Friday, April 24, 2015

MAA Books Beat: New Calculus Textbook

by Steve Kennedy, MAA Senior Acquisitions Editor

What do you do at your school with a first–year student who scored a four or five in AP calculus in high school? There is, at least at Carleton, an awkward articulation between the coverage of the AP AB syllabus and our first-year calculus sequence.

For the first several weeks of our Calculus II class we are covering material that is, at least partially, in an AP calculus class: methods of integration; applications of the integral, including arc length and surface area; some elementary differential equations. But students who take Calculus I at Carleton haven’t seen any of this. It makes for a strange dynamic in the classroom: For some students everything is new and confusing; for others (the AP students) large parts are review. The former feel at a disadvantage, the latter a little bored.

We don’t really want to have two strands through our calculus sequence, one for students with AP experience and another for students who take all their calculus at Carleton. Several years ago we took the AP-experienced students and gave them a half-term course in modeling while the non-AP students took our standard Calculus II material. Then the two groups came together for the second half of the term to study sequences and series together. This turned out to be logistically difficult (and confusing to folks in other departments of the college), and we abandoned the experiment after a few years.


So, I was prepared to be interested when Michael Boardman and Roger Nelsen produced College Calculus: A One-Term Course for Students with Previous Calculus Experience. Michael and Roger have, together, more than 40 years’ experience grading, writing, and consulting on the AP calculus exam. They are as familiar with what a student who scores a four or a five on that exam knows as it is possible to be. Their take on the issue was bound to be worthwhile.

First, the book material includes all the standard material in any second-semester calculus class: methods of integration; applications of integration including arc length, surface area, volume, work and center of mass; differential equations; hyperbolic functions; numerical integration; parametric curves and polar coordinates; improper integrals; and infinite series.

But the list of topics doesn’t do this book justice. I love what the authors have chosen to do with the (usually deadly boring) collection of integration techniques. There is no chapter of techniques; they are sprinkled throughout the text and produced as needed. So, integration by parts comes up in the volume chapter; trig substitutions are introduced in the chapter on arc length; partial fractions come to rescue when the logistic growth ODE leaves the reader stumped. It’s a clever idea and makes this part of the course much more palatable and relevant.

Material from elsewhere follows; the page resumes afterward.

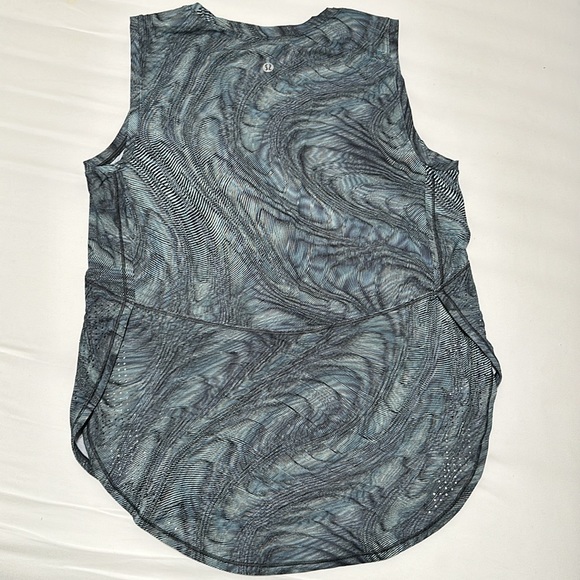 Sculpt Tank Top - Picture 2 of 2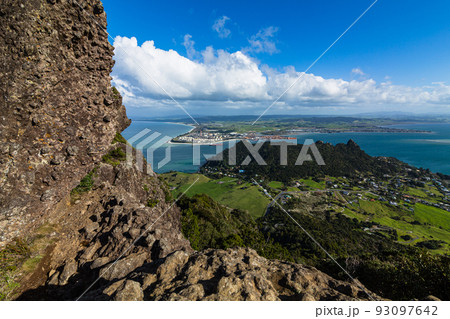 ニュージーランド ファンガレイ・ヘッズにあるマナイア山の頂上から見える風景 ニュージーランド ファンガレイ・ヘッズにあるマナイア山の頂上から見える風景 93097642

The other pedagogical innovation that distinguishes this text is the Explorations section that concludes each chapter. These are collections of meaty, worthwhile exploratory problems. For example, the first chapter has the reader, inter alia, deriving a formula for the antiderivative of the product of an exponential and polynomial and proving the Cauchy-Schwartz inequality for integrals. The chapter on numerical integration has explorations that cleverly exploit symmetries to integrate otherwise intractable integrands and demonstrates the Hermite-Hadamard inequality.

By the way, the numerical integration chapter has a very slick proof that Simpson’s rule is exact for cubics. To wit, look at three consecutive points of subdivision, suppose ƒ is a cubic and g is the quadratic that agrees with ƒ on these three points, consider ƒ-g: This has a lovely symmetry across the middle. Notice it is a cubic and you know all three zeroes, the left- and right-most zeroes are symmetrically placed with respect to the middle zero, which means this cubic integrates to zero across this interval. (Draw a picture.)

This book is full of beautiful things like that. The authors have made a conscious effort to raise the level of discourse above that of a typical calculus textbook. They are addressing students who already have a degree of mastery of some elements of calculus, and you can see it in their exposition. Everything is crystal clear and beautifully explained, but not in a dumbed-down or pandering way. Your students will be able to read this text, and they should want to.

Approximately 300,000 high school students will take the AP AB exam this spring. About 40 percent of them will earn a four or a five. What are we going to do with these very-well-prepared folks when they get to our calculus classes next year? Most of them would be very well served by this well-written and thoughtfully constructed book.


This article was written for MAA FOCUS as part of MAA Books Beat. It appears in the April/May 2015 issue.